We talk to Campo Santo about how Unity 5 is powering its upcoming adventure game

Unity Focus: Fuelling the Firewatch

Alone in the Wyoming wilderness, a summer job as a fire lookout takes a sinister tone as players start to experience strange encounters, with a supervisor on the other end of a walkie-talkie as their only human connection.

This is the intriguing premise of Firewatch, the debut game from new studio Campo Santo, and one that has garnered press and consumer attention from around the world. But co-founder Sean Vanaman says this title actually started as “more of an idea than a fully-fledged concept”.

“I pitched my co-founder Jake Rodkin on a game set up against the backdrop of Wyoming and the iconic image of the tower,” he tells Develop. “That was just something I’d carried with me having grown up in Wyoming. From that tiny seed we found the right people and started turning it into an experience that reflected our values as designers and game developers.

“The relationship between the protagonists will, hopefully, be unlike anything in any other first-person adventure. We’ve worked hard to make it feel natural, to have it grow, branch, develop and feel ‘real’. We want players to believe the people in the story are real, with a real connection, and I don’t think a lot of games do that very often.”

To create such a unique game, Campo Santo needed a game engine that was flexible and accessible, opting for indie favourite Unity.

“We are a new studio,” says Rodkin. “We came together to create Campo Santo to build Firewatch and at our size – ten people – and our budget – not huge – Unity was the only thing that made sense. We were never going to use a tech that contractually meant we’d give up profits.”

The team were even lucky enough to gain access to the beta version of Unity 5.

Drawing on their experience with the previous edition, both Rodkin and Vanaman note that Unity 5 immediately displayed massive improvements to performance and upgrades to the UI tools and animation software Mecanim helped speed things up. However, Vanaman argues that no single feature can be considered as the hallmark of Unity 5.

“It’s the medium-to-small stuff – the improvements that are almost invisible from the outside, but invaluable in practice – that are helping everyone work more quickly or overcome issues far more easily than expected,” he says.

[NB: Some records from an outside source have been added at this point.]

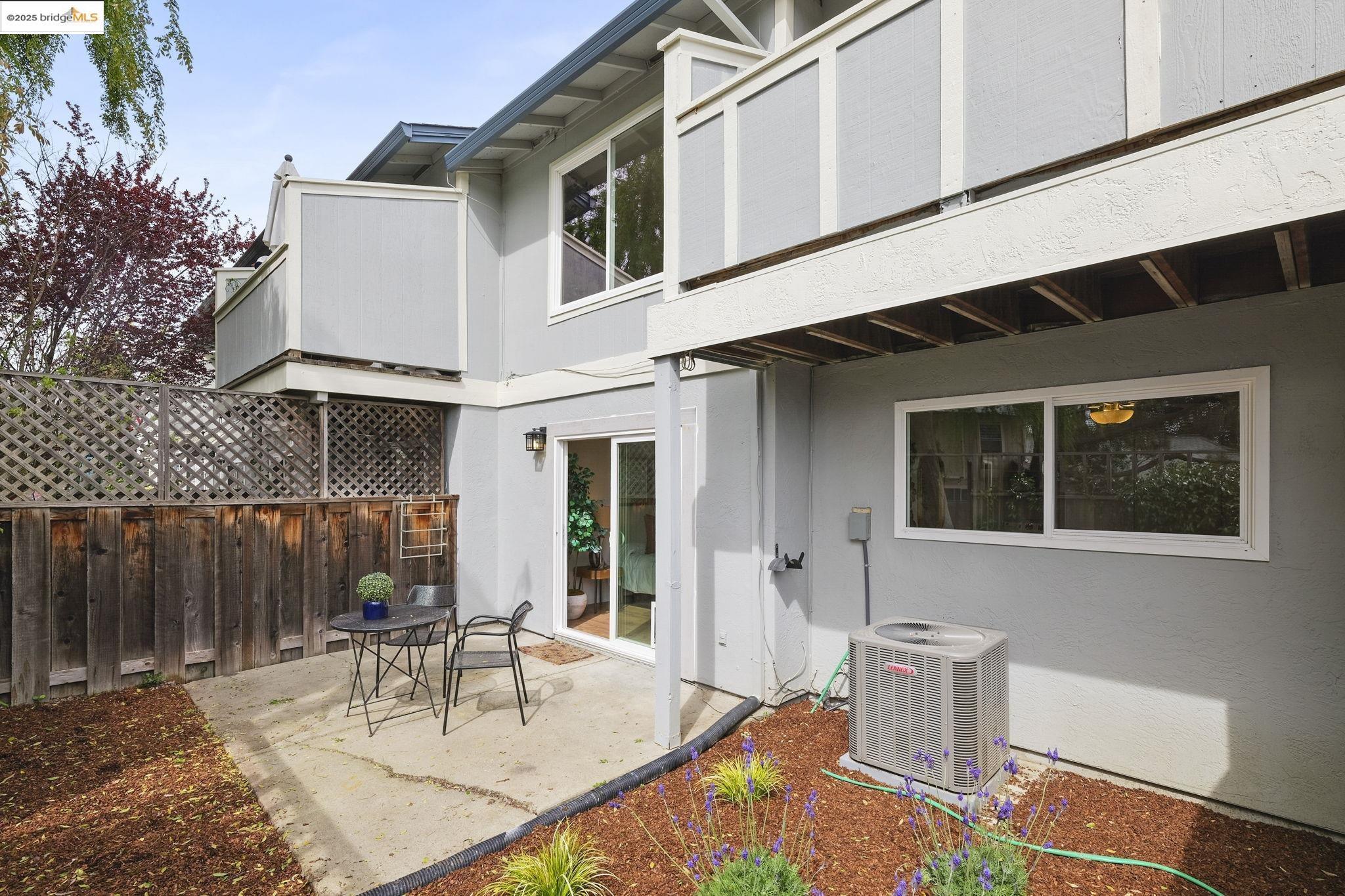 158 Holiday Hills Dr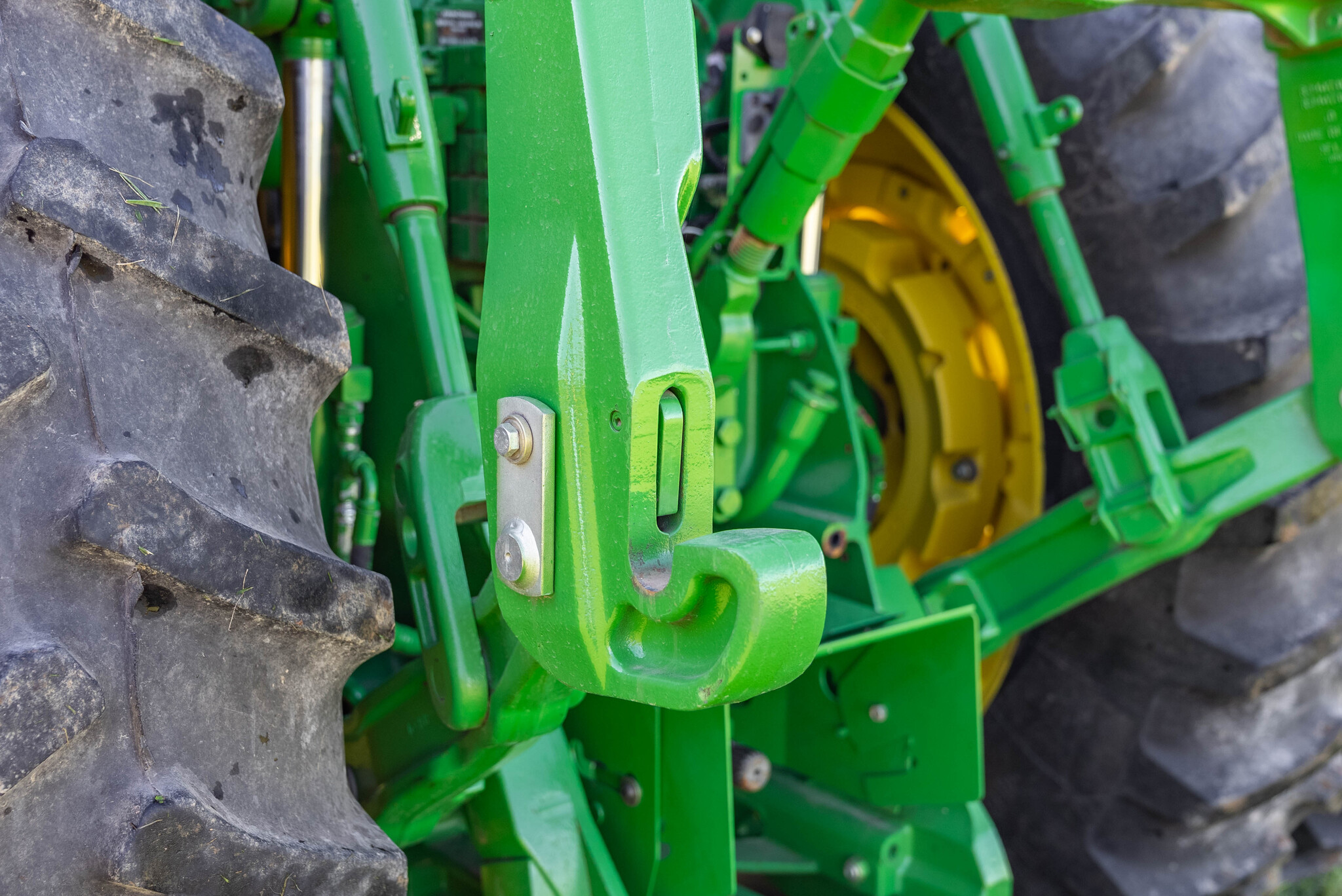 Used 2013 John Deere 8235R Row Crop Tractors at Koenig Equipment in Anna, OH - PhotoXL18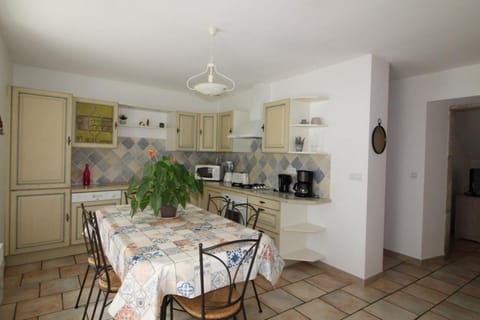 Dining area, Communal kitchen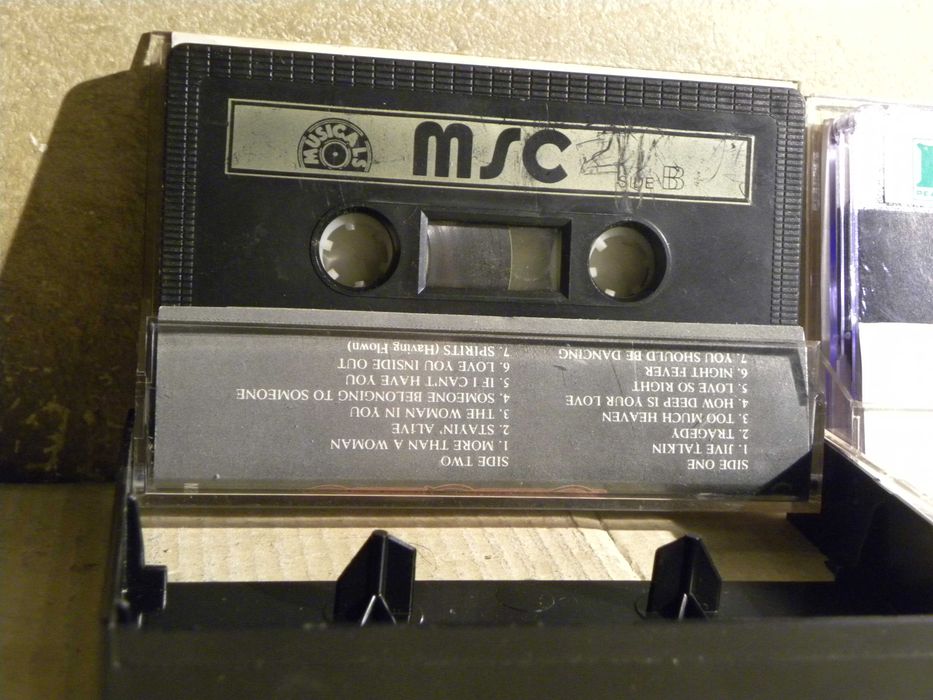 5 kaset magnetofonowych bee gees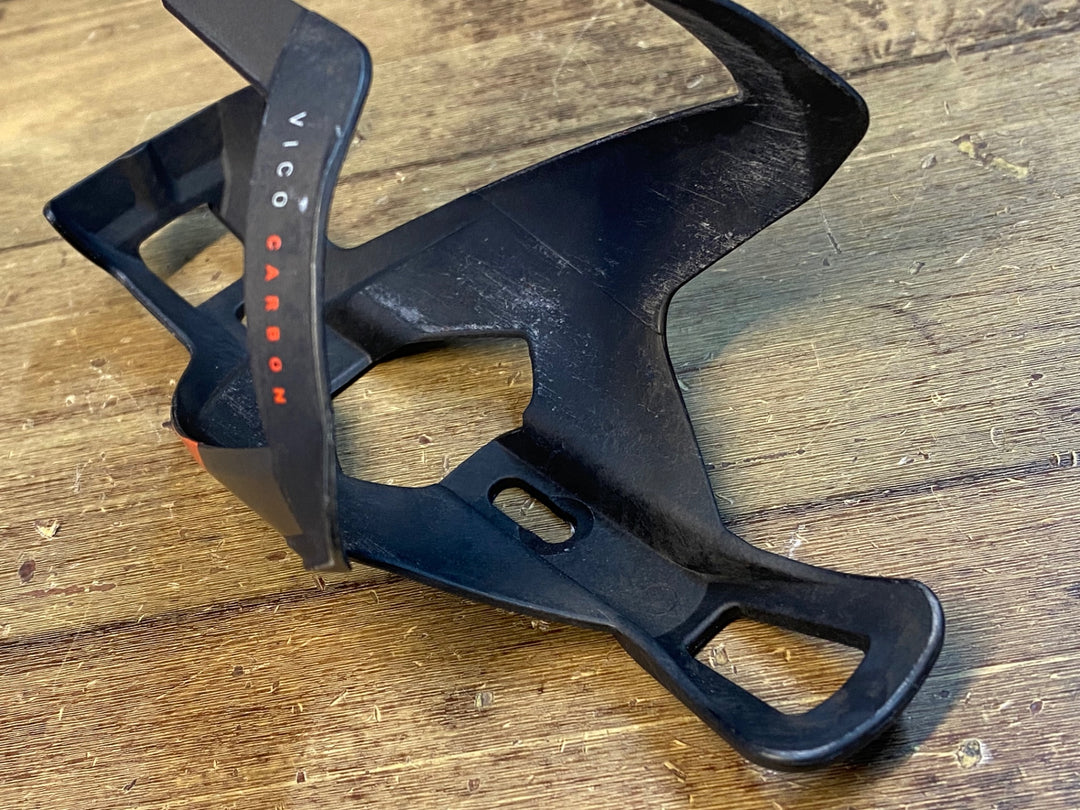 JI411 エリート ELITE VICO CARBON ボトルケージ 赤 黒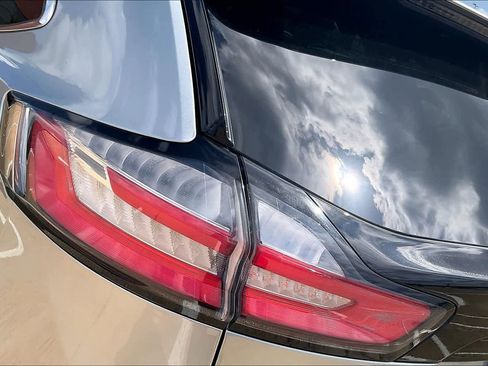 Used 2024 Ford Edge SEL image 31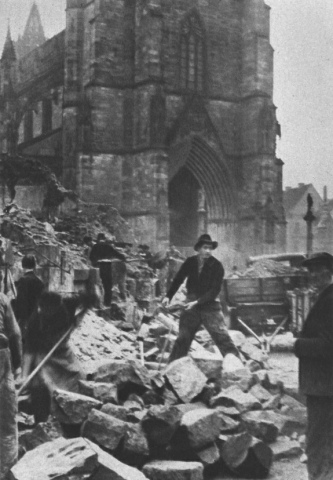 Bild 12: Freiburg im
                        Breisgau, Schuttrumung vor dem Mnster nach
                        Kriegsende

“The new deferred rendering pipeline is letting us do all the things we were doing in Unity 4 but with fewer draw calls, so our graphics programmer has more room to work as we finalise the look of trees, skies, and other stylised elements in our game.”

With work on Firewatch coming along nicely, the Campo Santo team encourage other devs to explore Unity 5.
Rodkin says: “You aren’t limited by what you can get out of the engine if you’re working with folks who pride themselves on their ability to solve problems and ingenuity. We have lots of limiting factors in our work every day and the engine is hardly ever one of them.”